Console game makers will have to step it up. It simply is not acceptable to have the single-player campaign of a popular game take four hours to complete when it's selling for $60. Game makers are also going to have to stop putting out mediocre or bad games to cash in on a movie license, especially when there are so many more options today. The glut of bad games helped kill the Atari 2600 in the 1980's, and it hurts the console market today.

One of the reasons it hurts is because of the casual games. The App Store for IOS actually carries a lot of games, including role-playing games for much less than their console counterparts. The first three Final Fantasy games are already on IOS, and the popular X-Men arcade game from 1992 (one version of which allowed 6 players to crowd around the machine to play) is available as a $0.99 download.

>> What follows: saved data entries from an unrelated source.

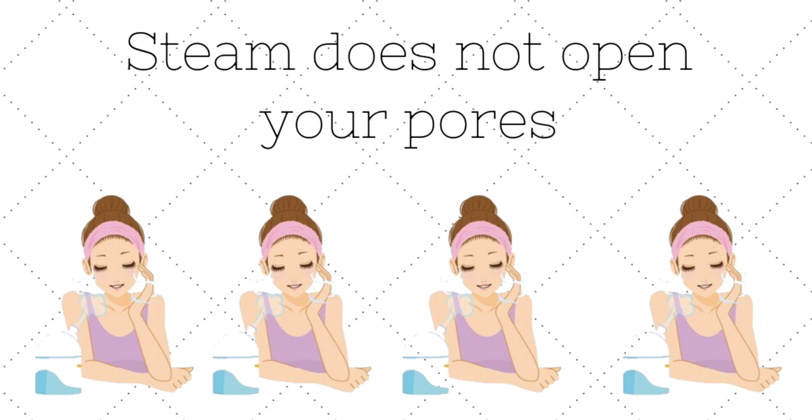The next tip is about pores, and it's that steam opens up our pores so it's easier to clean them. I truly believed this until last year, before I started seriously researching skincare — following dermatologists online, listening to researchers, and reading research papers. I learned that your pores cannot actually be opened by steam.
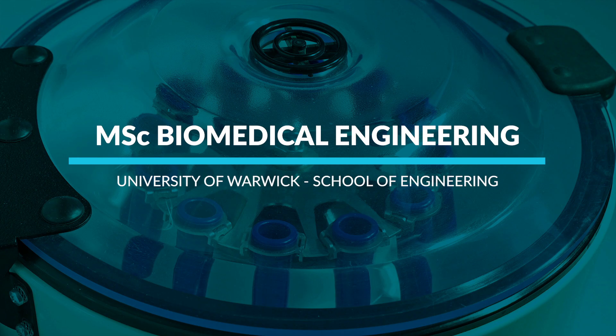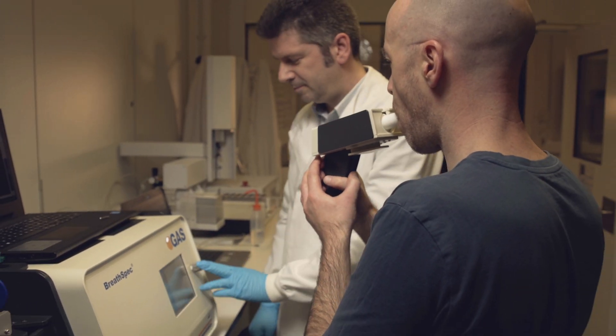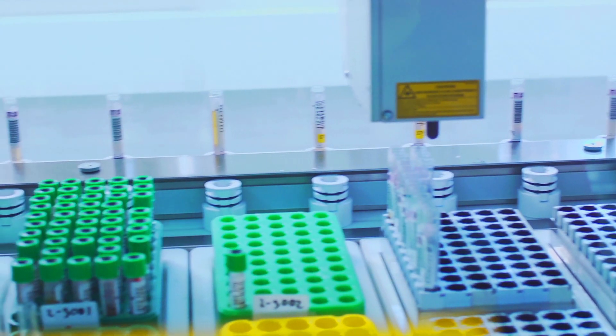Our Master in Biomedical Engineering is a learning process which will drive our students towards experiencing how engineering can be applied to biology and medicine to solve problems which otherwise would have no easy or affordable solution.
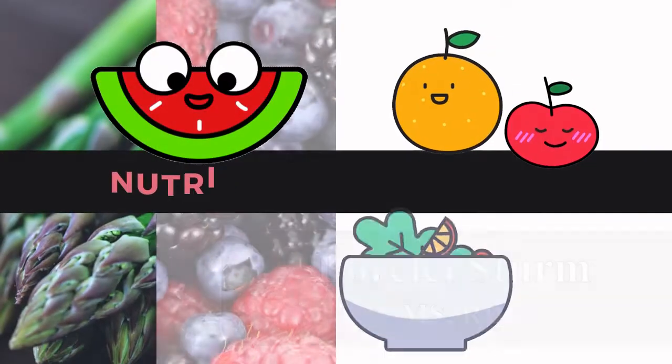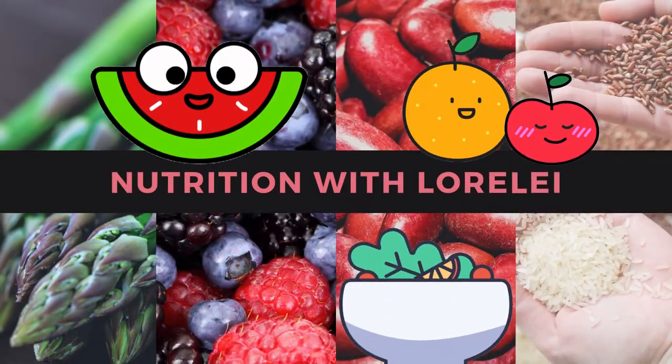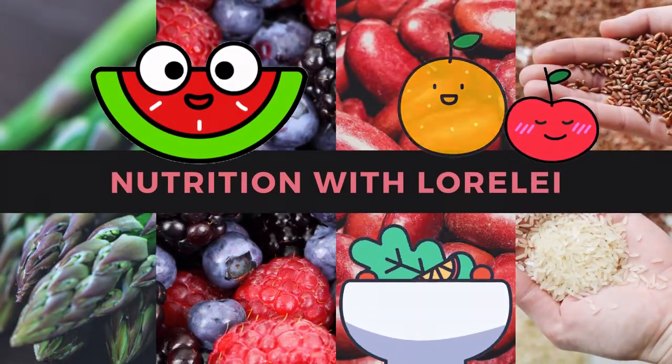Hey, I'm Lorelei, Registered Dietitian and Nutritionist. Welcome to my channel, Nutrition with Lorelei. Usually you'll see me on YouTube talking about healthy home cooking and showing you how to cook delicious and nutritious meals in your kitchen. But I also wanted to do a little series on being a Registered Dietitian — how I became one, my experience, and perhaps this will be helpful for any of you who are interested in becoming a Registered Dietitian.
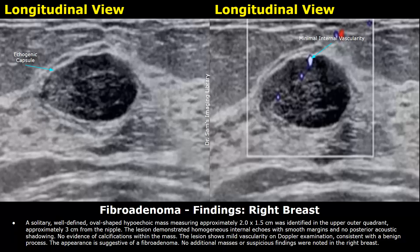These are the findings in the right breast: a solitary, well-defined, oval-shaped hypoechoic mass measuring approximately 2 x 1.5 centimeters was identified in the upper outer quadrant, approximately 3 centimeters from the nipple. The lesion demonstrated homogeneous internal echoes with smooth margins and no posterior acoustic shadowing. No evidence of calcifications within the mass.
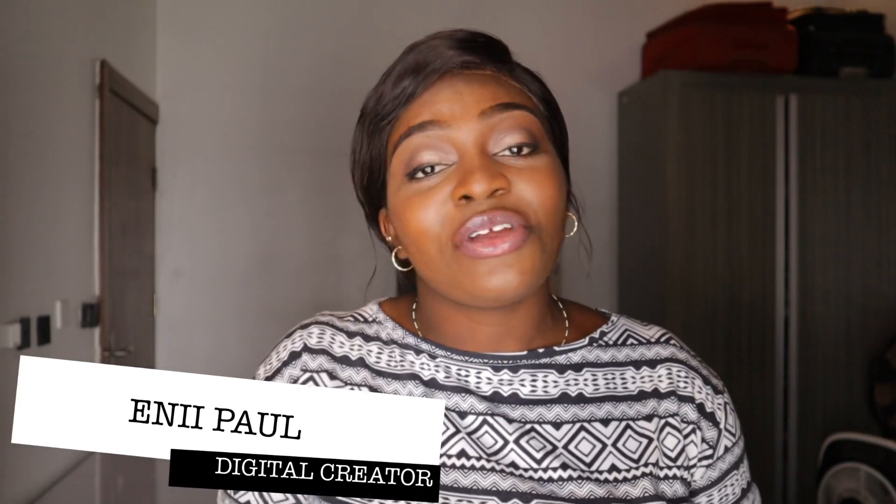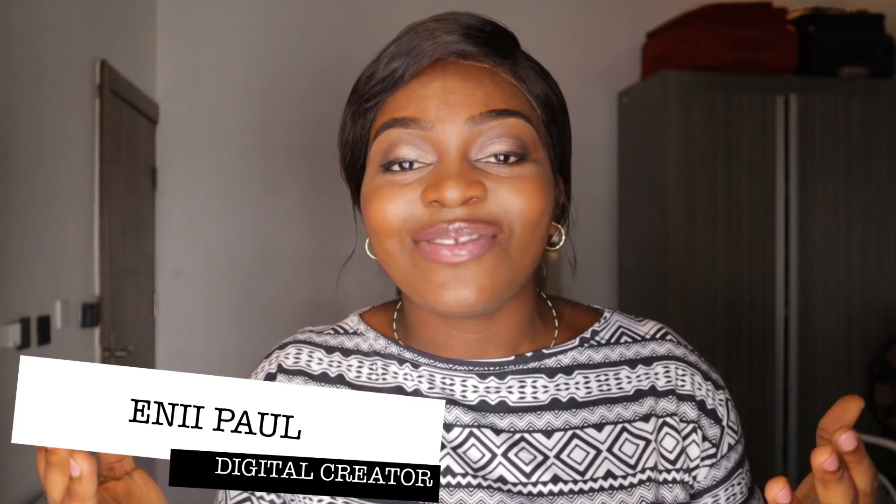Hi guys, how are you all doing? I hope you're in the best of health. If you're new to my channel, my name is Any-Any Paul. I make content on student advice, medicine, lifestyle, and natural hair.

If gamers are burned too many times by terrible games that cost $60, even hardcore gamers may look elsewhere - and casual games are waiting.

I do not believe the hardcore gaming market is going anywhere, but there are so many entertainment options - and not just video games - that the game industry cannot continue the current manner of business. It took several years for the current generation of home consoles to become affordable, and if the next PlayStation and XBox consoles launch at $600 (which is where the PS3 launched) they could be in huge trouble. Whether they like it or not, the traditional game market is going to have to adapt and run a better operation to stop the bleeding of customers.